Serge Crèvecœur

Brussels Basketball
- Position: Head coach
- League: BNXT League

Personal information
- Born: 1 October 1971 (age 54) Brussels, Belgium

Career history

Coaching
- 0000–2003: Saint-Roch
- 2003-2005: Linthout
- 2005–2008: Sombreffe
- 2008–2017: Brussels
- 2017-2018: Pau-Orthez
- 2018-2020: Brussels
- 2020-2021: Gravelines-Dunkerque
- 2021-2022: Le Portel
- 2023-present: Brussels

= Serge Crèvecœur =

Belgian basketball coach (born 1971)

Serge Crèvecœur (born 1 October 1971 in Brussels) is a Belgian basketball coach.

A former amateur player in Belgium’s lower divisions, he later began a gradual coaching career. He rose through the ranks of Belgian basketball with various clubs, from provincial leagues to the top national division, where he became a key figure at Excelsior Brussels. He had three brief coaching stints in France. Since 2023, he has been the head coach of Brussels Basketball (Excelsior) in the BNXT League.

==Career==
Serge Crèvecœur, born in Ixelles, Belgium, is the son of former coach Guy Crèvecœur. He started playing basketball young and began coaching while studying business engineering at the Solvay School. Initially working in banking, he shifted fully to basketball in the mid-2000s.

He first gained attention by coaching BC Sombreffe to a regional title and promotion. In 2008, he took over Excelsior Brussels (later Basic-Fit Brussels), helping the club climb from the third division to Belgium’s top league. Under his leadership, Brussels made a surprise run to the league finals in 2017, and he was nominated for Coach of the Year.
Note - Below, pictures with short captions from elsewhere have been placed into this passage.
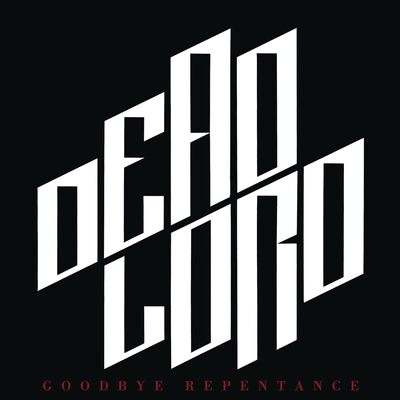 Goodbye Repentance - Dead Lord [CD]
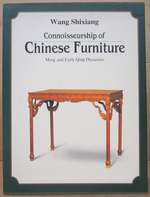 Connoisseurship of Chinese Furniture: Ming and Early Qing Dynasties {Two Volumes}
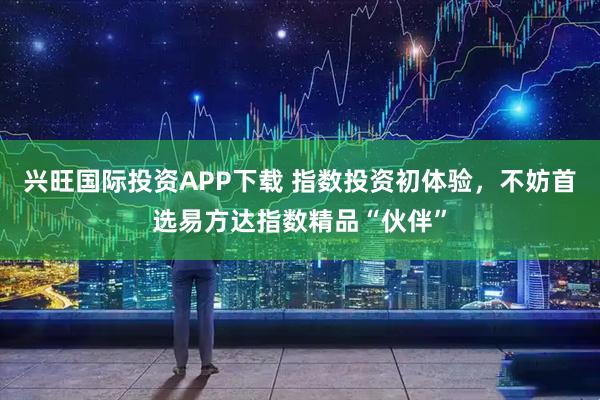 兴旺国际投资APP下载 指数投资初体验，不妨首选易方达指数精品“伙伴”
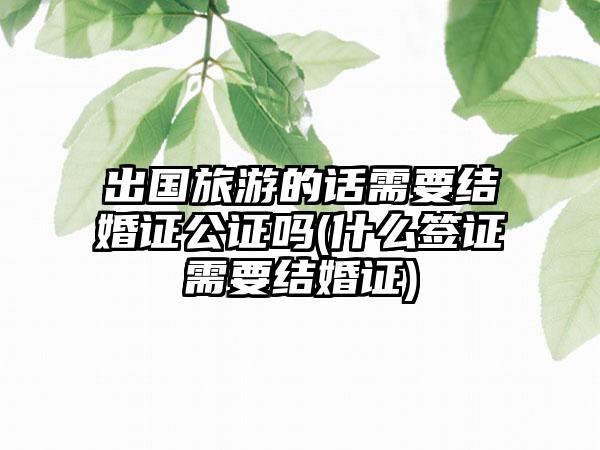 出国旅游的话需要结婚证公证吗(什么签证需要结婚证)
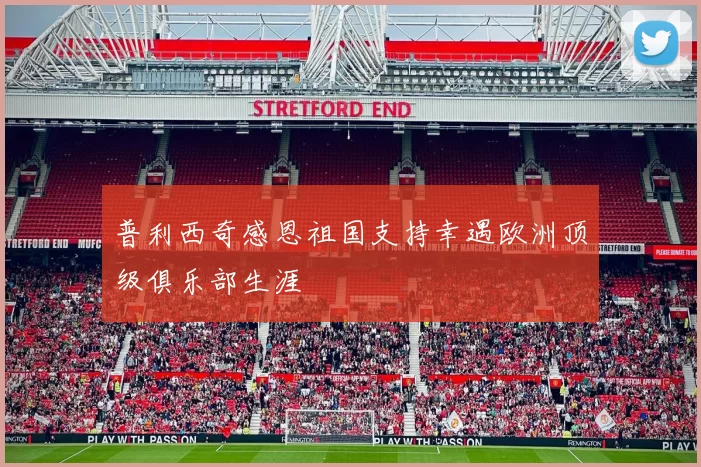 普利西奇感恩祖国支持幸遇欧洲顶级俱乐部生涯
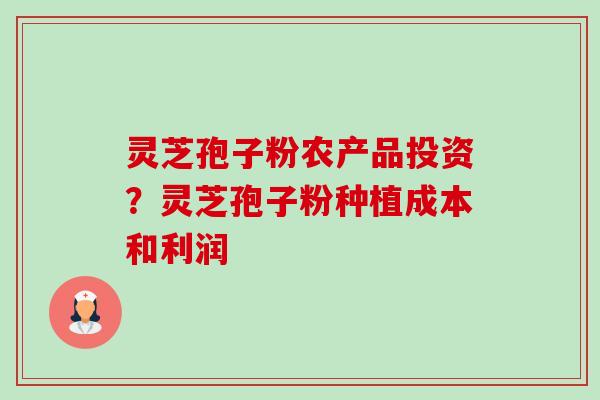 灵芝孢子粉农产品投资？灵芝孢子粉种植成本和利润-第1张图片-卓越灵芝孢子粉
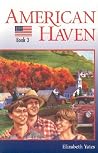 American Haven (Mountain Adventures, #3) American Haven (Mountain Adventures, #3)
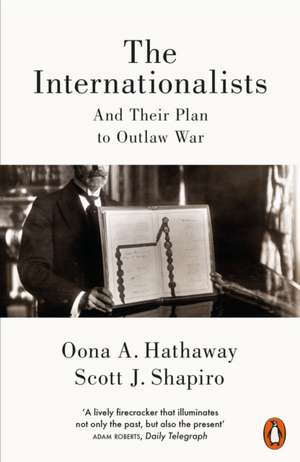 The Internationalists: And Their Plan to Outlaw War de Oona Hathaway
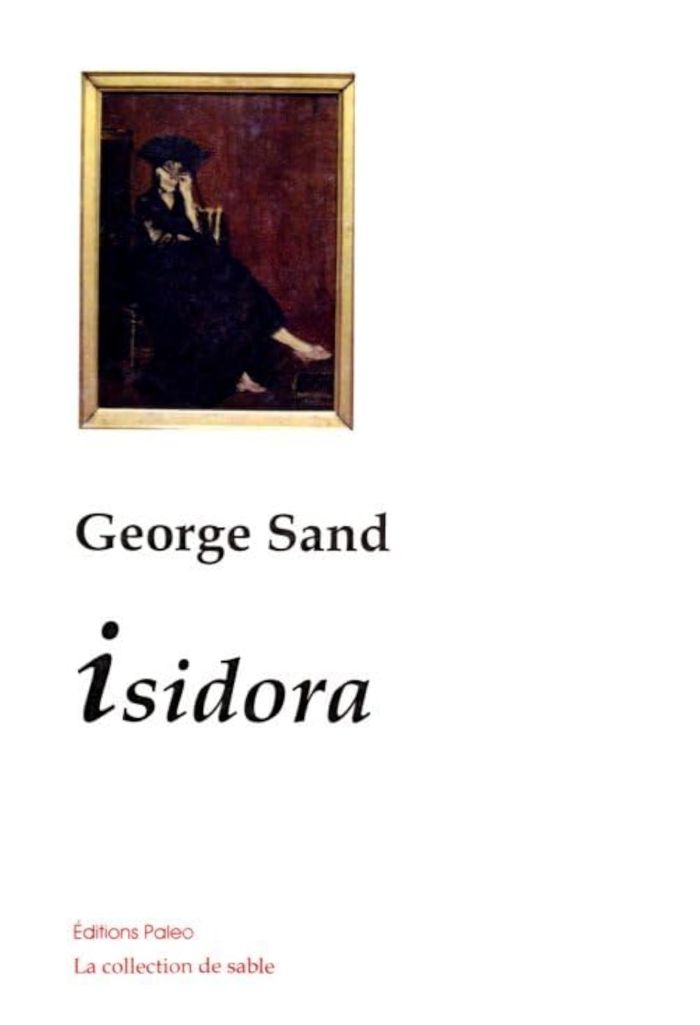Couverture du livre « Isidora » de George Sand, librairie Les Contes Infusés à Corte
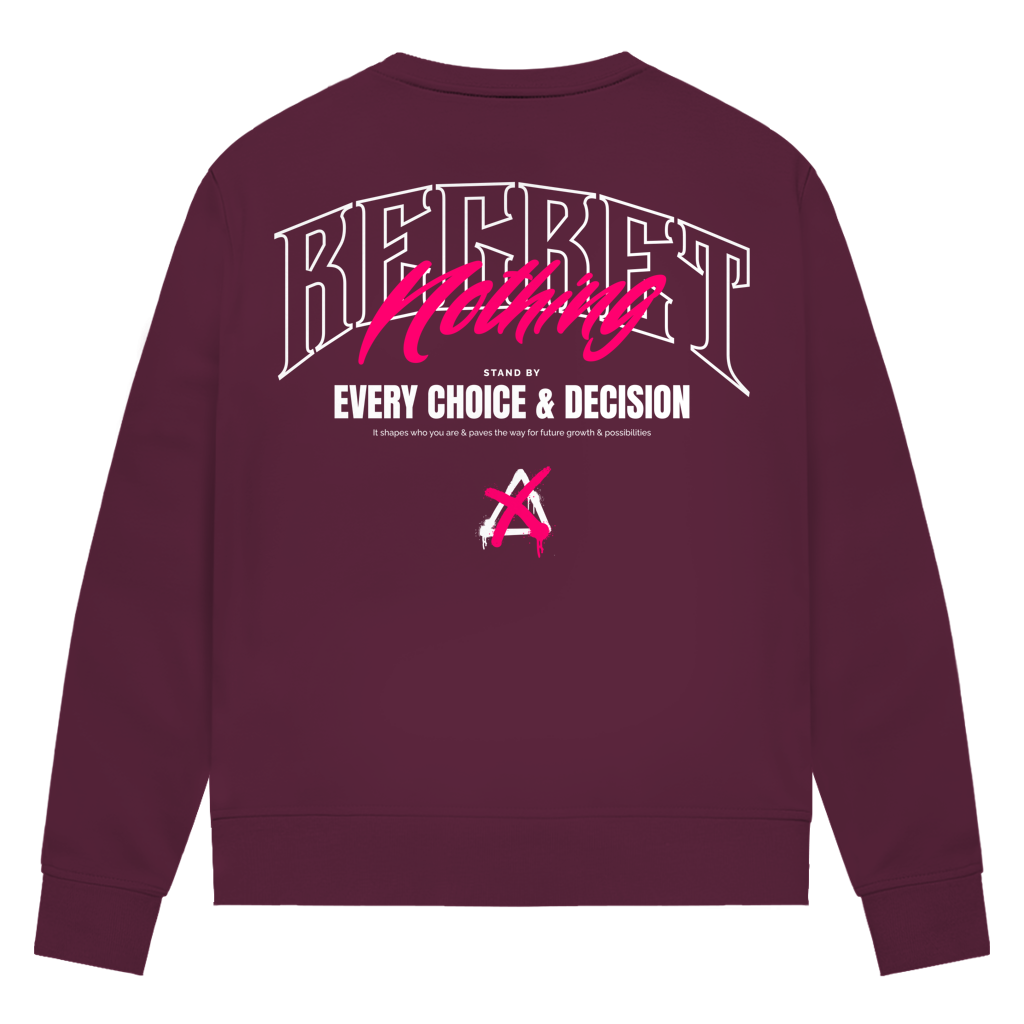 Regret Nothing - Damen Premium Bio Sweatshirt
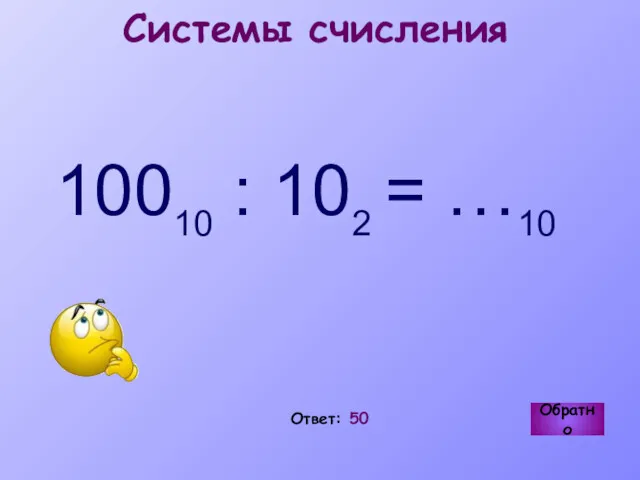 Ответ: 50 Обратно Системы счисления 10010 : 102 = …10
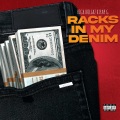 Racks in My Denim (Explicit)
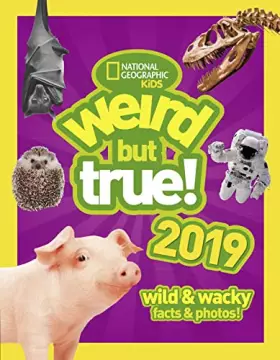 Couverture du produit · Weird But True! 2019: Wild & Wacky Facts & Photos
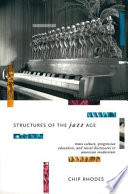 Structures of the Jazz Age : mass culture, progressive education, and racial discourse in American modernism /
In 2017, he joined French club Pau-Lacq-Orthez but left mid-season. He returned to Brussels for the 2018-19 as both head coach and GM, leading the team to playoff semifinals and a Belgian Cup semifinal. He stepped down in early 2020.

Crèvecœur then coached BCM Gravelines-Dunkerque, but the COVID-19 pandemic cut the season short. He stayed on for another year but was dismissed in 2021. He briefly led ESSM Le Portel in 2021–2022, departing amid poor results and limited support.

In 2023, he returned to Brussels again as head coach and GM, overseeing a roster rebuild.

He also served as an assistant coach for the Belgium men's national basketball team from 2017 to 2018.